# Work to be completed
For every line below, restate it exactly and drop the images.

#### Data extract ####

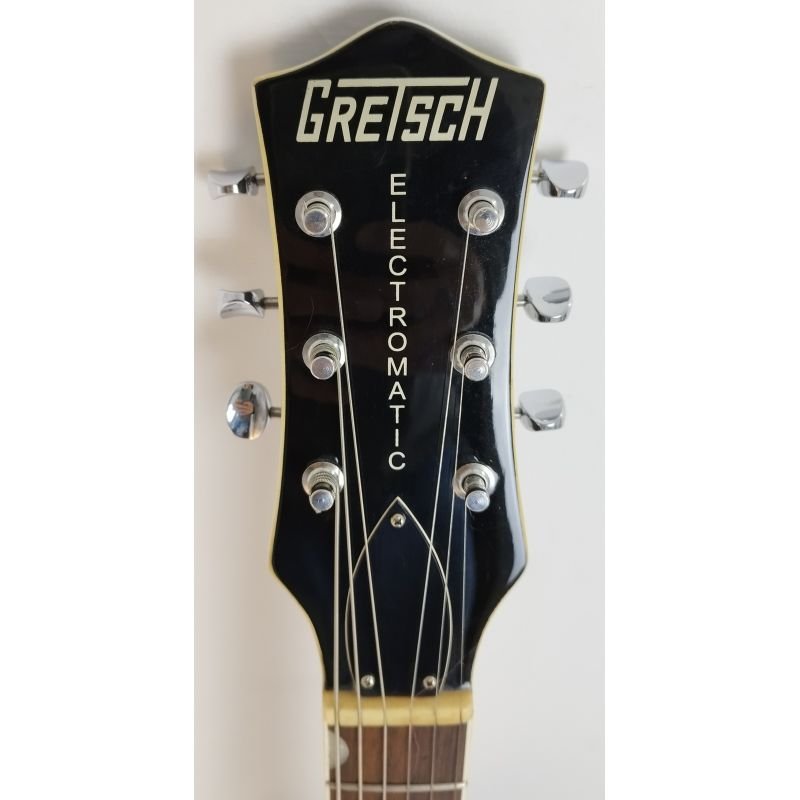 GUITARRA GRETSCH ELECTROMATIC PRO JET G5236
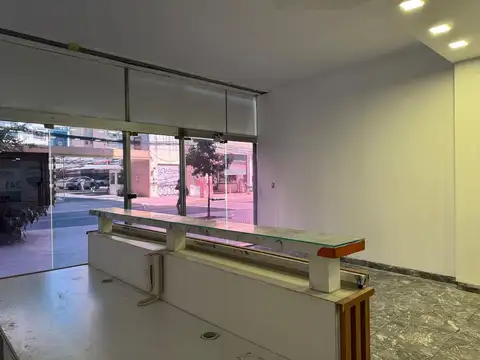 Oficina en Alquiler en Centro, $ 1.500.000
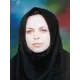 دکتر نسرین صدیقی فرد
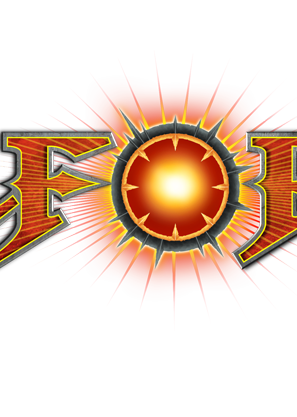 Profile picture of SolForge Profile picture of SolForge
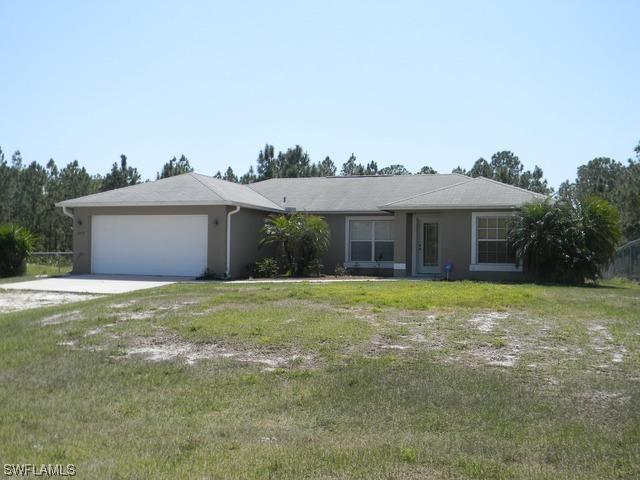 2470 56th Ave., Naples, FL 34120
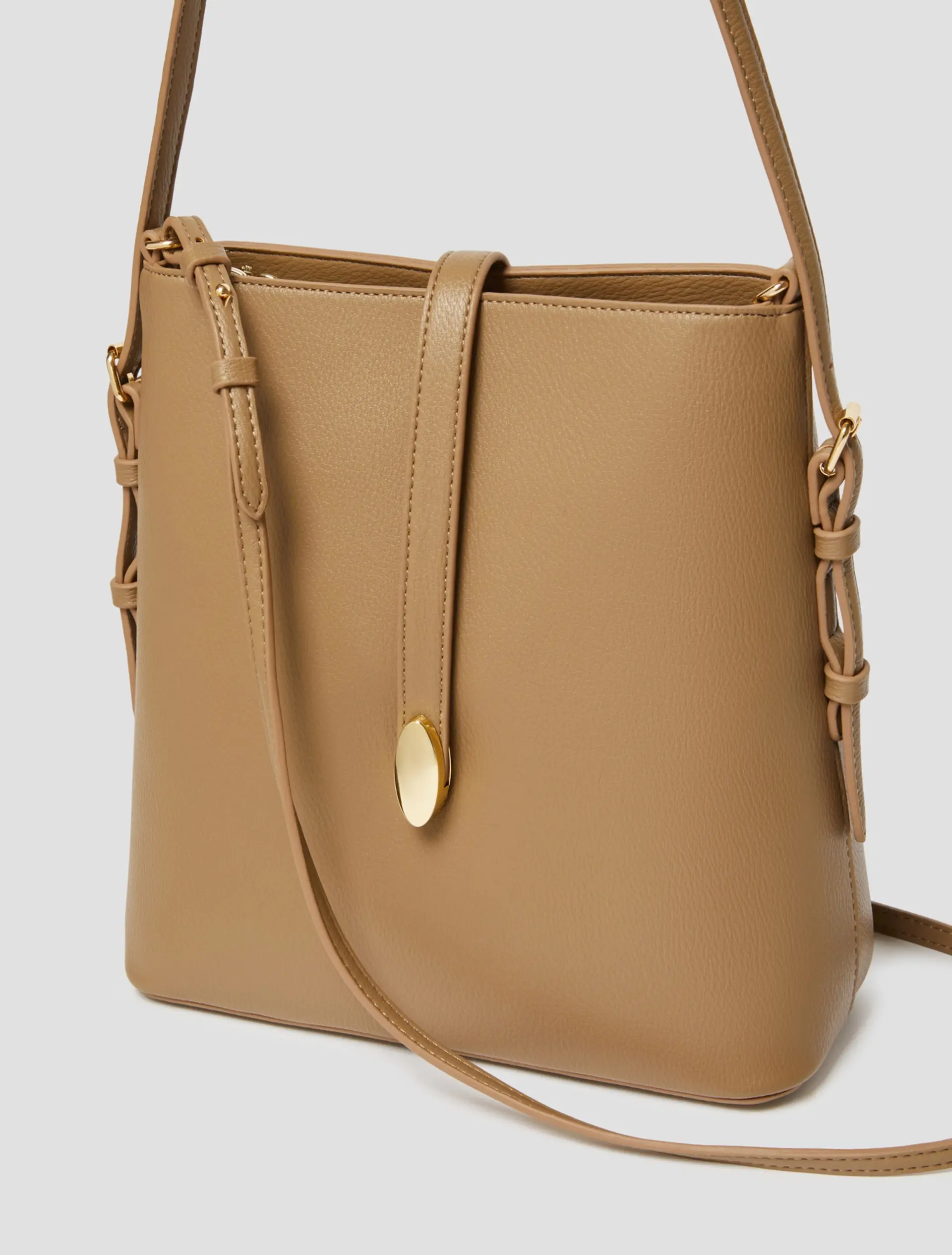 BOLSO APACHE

####

# The completed task
 GUITARRA GRETSCH ELECTROMATIC PRO JET G5236
 Oficina en Alquiler en Centro, $ 1.500.000
 دکتر نسرین صدیقی فرد
 Profile picture of SolForge Profile picture of SolForge
 2470 56th Ave., Naples, FL 34120
 BOLSO APACHE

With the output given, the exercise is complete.